Vincent van Gogh: The Lost Arles Sketchbook reproduces, for the first time, previously unknown drawings by the artist. Originated by Les Éditions du Seuil in Paris, this groundbreaking book will be published simultaneously in English, French, German, and Dutch, with several other languages to be published at a later date.
No other information on Vincent van Gogh: The Lost Arles Sketchbook will be disclosed until the international press conference, which will be held by Les Éditions du Seuil in Paris, on the publication date of the book, November 15.
This evening is co-organized with Abrams and Les Éditions du Seuil. In English. Free. No RSVP. Reception to follow graciously offered by French restaurant Gloo.
Bogomila Welsh-Ovcharov is one of the most important world expert of van Gogh’s work and live. She is professor emeritus at the Fine Arts Department of Erindale College at the University of Toronto (Canada). She is an internationally acclaimed art historian, who curated two major exhibitions in 1981 on the connection between the work of Vincent van Gogh and that of contemporary artists, including Vincent van Gogh and the Birth of Cloisonism (Art Gallery of Ontario and the van Gogh Museum in Amsterdam), as well as the inaugural exhibition at the Musée d’Orsay, van Gogh à Paris, in 1988. She is guest co-curator and co-author of the catalog of a large exhibition, Mystical Landscapes : From van Gogh to Emily Carr, at the Art Gallery of Ontario (2016) and the Musée d’Orsay in Paris (2017).
Julian Schnabel is the famous artist and film maker every bodies knows. He lives in New York.
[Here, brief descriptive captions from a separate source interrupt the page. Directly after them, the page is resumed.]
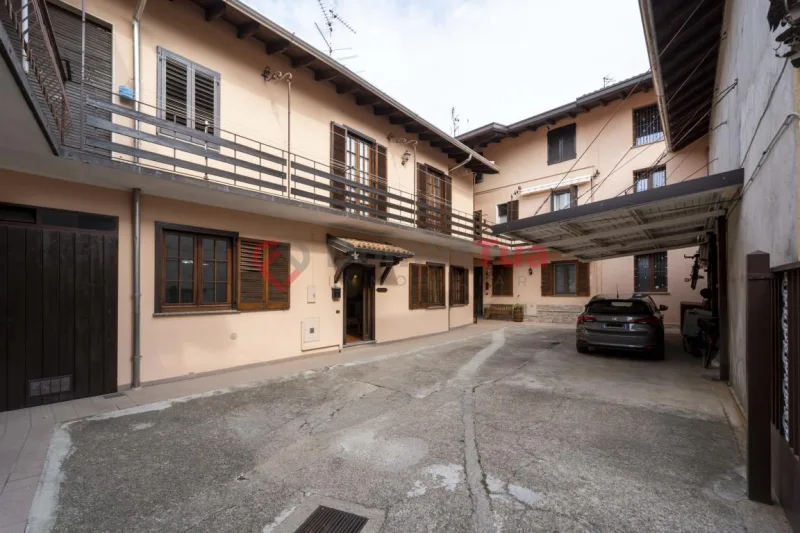 GRAZIOSO TRILOCALE SU DUE LIVELLI SENZA SPESE CONDOMINIALI — foto 19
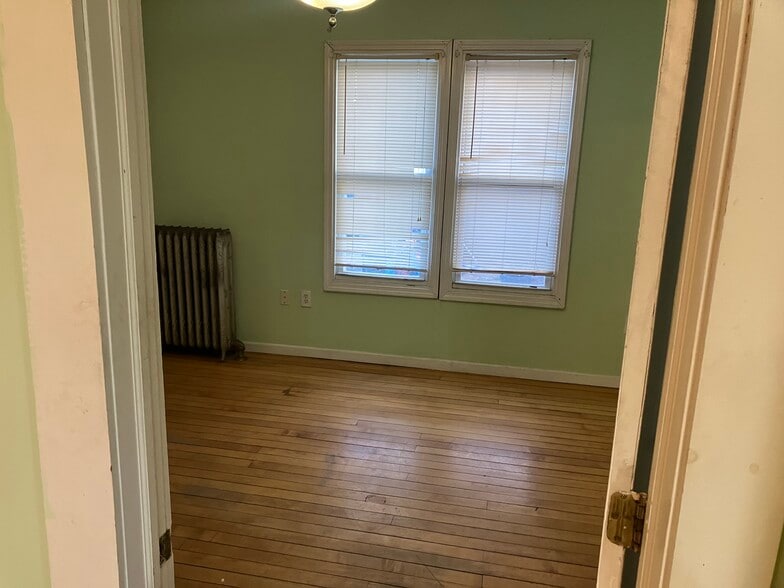 Building Photo - 32 Huntington St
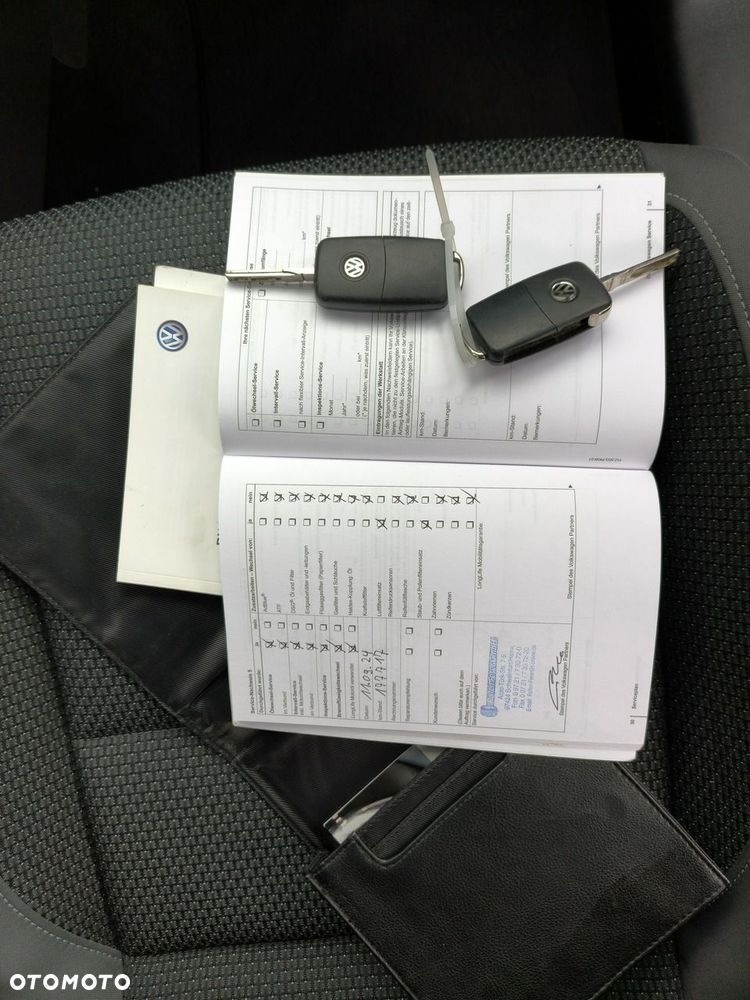 Volkswagen Touran - 9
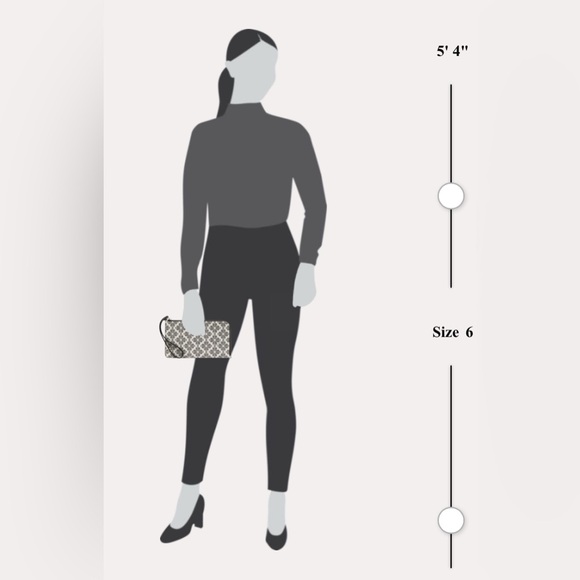 NWT Kate Spade Lucy Spade Flower Medium L-Zip Wristlet - Picture 3 of 8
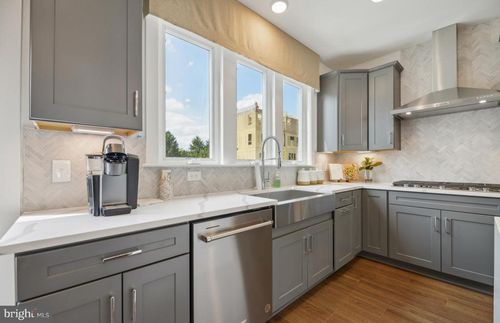 19673 Peach Flower Ter, ASHBURN, VA, 20147 | Card Image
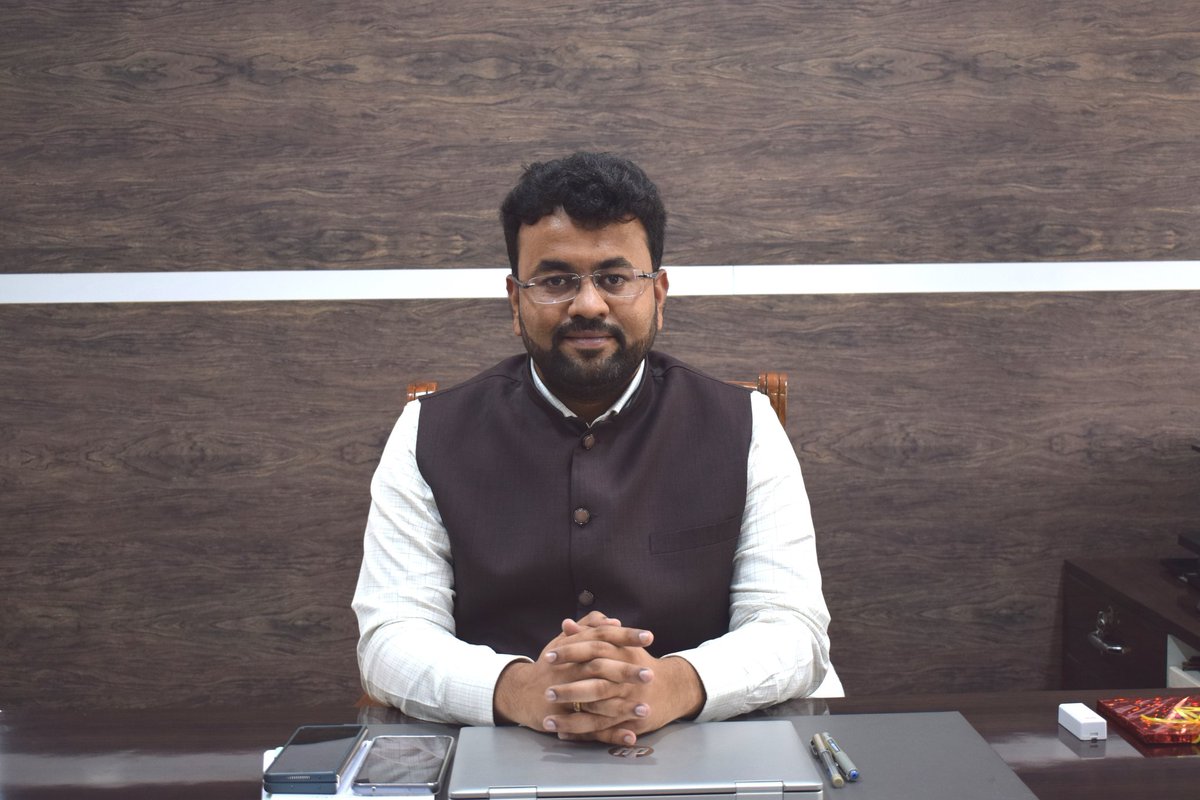 ZP_Belagavi's tweet photo. ಜನೆವರಿ 13, 2024ರಂದು ಮಾನ್ಯ ಶ್ರೀ ರಾಹುಲ ಶಿಂಧೆ    (ಭಾ.ಆ.ಸೇ) ಬೆಳಗಾವಿ ಜಿಲ್ಲಾ ಪಂಚಾಯತನ ನೂತನ ಮುಖ್ಯ ಕಾರ್ಯ ನಿರ್ವಾಹಕ ಅಧಿಕಾರಿಯಾಗಿ ಅಧಿಕಾರ ಸ್ವೀಕಾರ ಮಾಡಿದರು.

ಈ ಸಂದರ್ಭದಲ್ಲಿ ಜಿಲ್ಲಾ ಪಂಚಾಯತನ ಜಿಲ್ಲಾ ಮಟ್ಟದ ಅಧಿಕಾರಿಗಳು ಹಾಗೂ ಸಿಬ್ಬಂದಿ ವರ್ಗದವರು ಉಪಸ್ಥಿತರಿದ್ದರು. https://t.co/ZceaNGYfwY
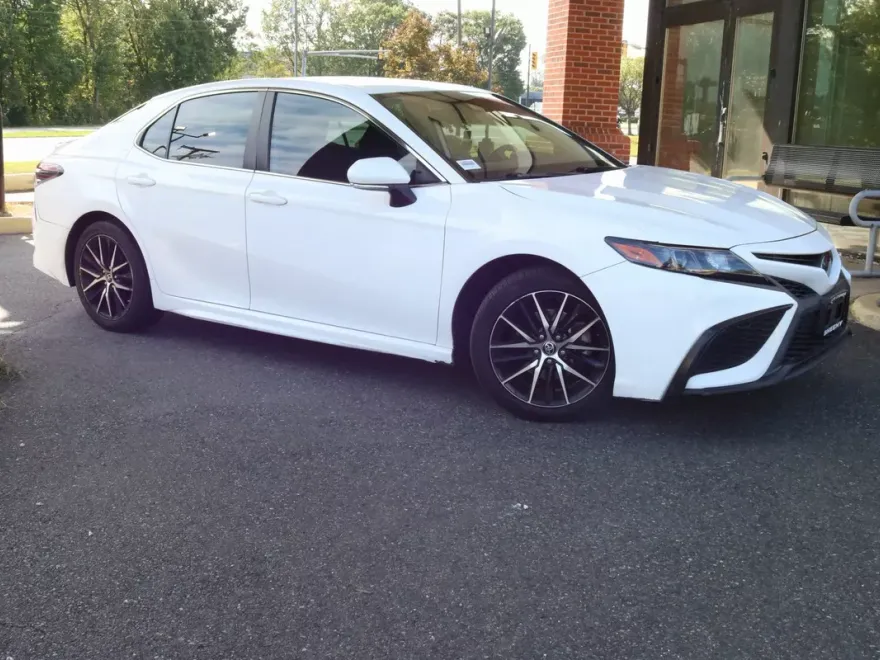 2022 Toyota Camry SE photo 1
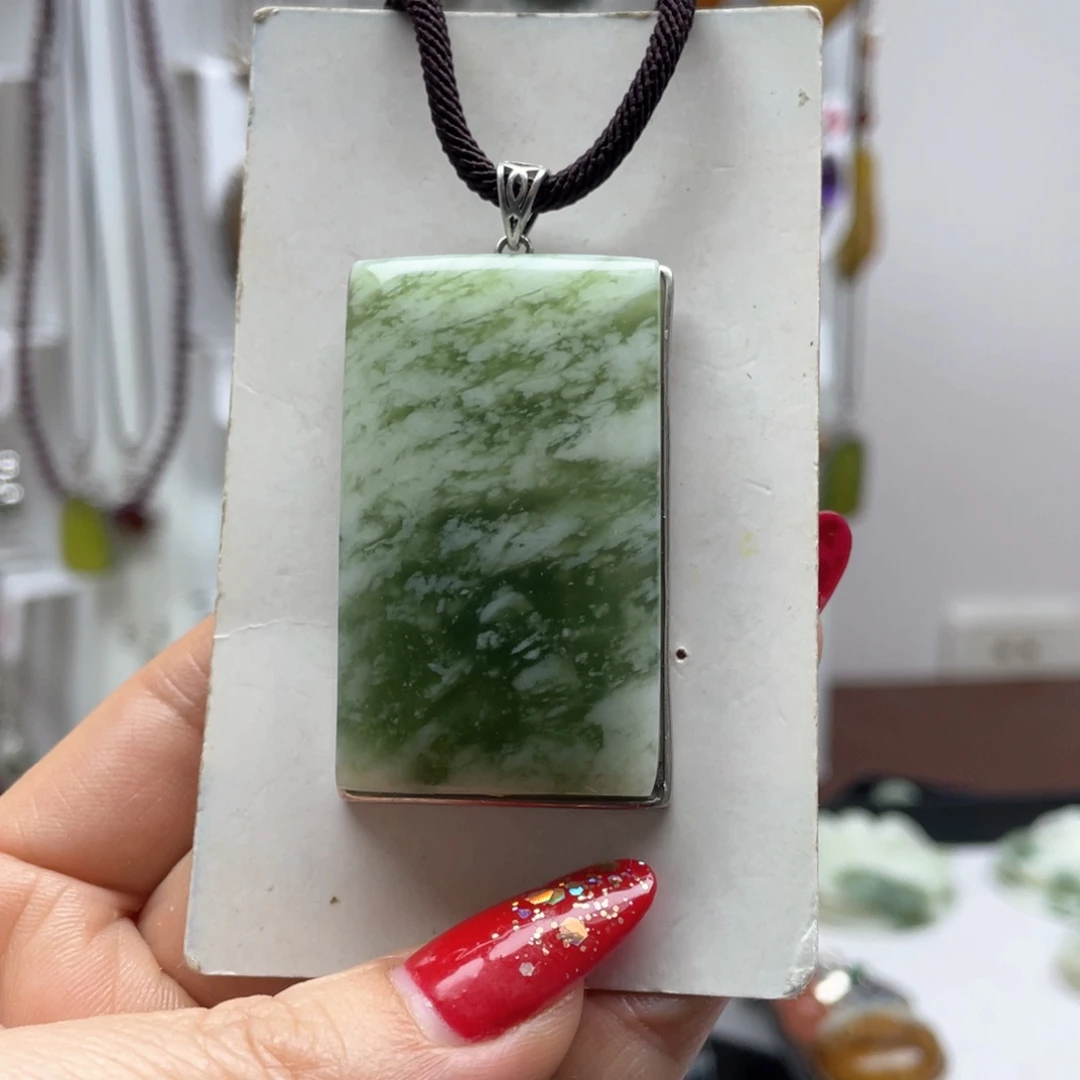 蛇纹石玉吊坠未镶嵌波*?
Bernard Comment was born in Porrentruy (Switzerland) in 1960. He studied literature at the University of Geneva, then spent five years in Florence, and has been based in Paris since 1990. He is the author of several novels (The Shadow of Memory, Dalkey Archive Press, 2012). His latest book, Tout passe (2011), won the Prix Goncourt de la Nouvelle (short story prize). He has written essays (The Panorama, Abrams and Reaktion books, 1999). Since 2004, he is the head of Fiction & Cie at Editions du Seuil where he has published Marilyn Monroe’s Fragments, various Lou Reed’s books and this year, The Lost Arles Sketchbook of Vincent van Gogh.